▸ YOUR TASK: Every line in the listing below from the one with "Here you can" through the one with "Assalamualaikum, hello friends, how" is to be reproduced exactly, both ends included; leave out the rest.

▸ DATA SUPPLIED:
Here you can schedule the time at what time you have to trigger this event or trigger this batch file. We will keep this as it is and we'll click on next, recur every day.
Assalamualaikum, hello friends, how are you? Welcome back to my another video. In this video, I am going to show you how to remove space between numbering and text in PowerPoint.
...
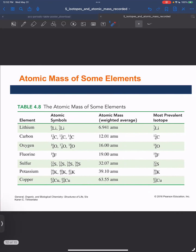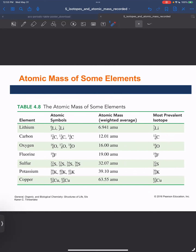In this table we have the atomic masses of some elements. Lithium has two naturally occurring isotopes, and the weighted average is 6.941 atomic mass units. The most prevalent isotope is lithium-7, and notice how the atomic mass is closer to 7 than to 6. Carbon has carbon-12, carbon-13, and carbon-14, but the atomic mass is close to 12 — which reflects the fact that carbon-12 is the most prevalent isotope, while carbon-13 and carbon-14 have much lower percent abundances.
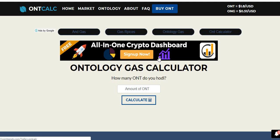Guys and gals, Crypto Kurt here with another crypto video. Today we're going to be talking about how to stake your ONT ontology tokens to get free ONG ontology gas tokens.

▸ RESULT OF THIS TASK:
Here you can schedule the time at what time you have to trigger this event or trigger this batch file. We will keep this as it is and we'll click on next, recur every day.
Assalamualaikum, hello friends, how are you? Welcome back to my another video. In this video, I am going to show you how to remove space between numbering and text in PowerPoint.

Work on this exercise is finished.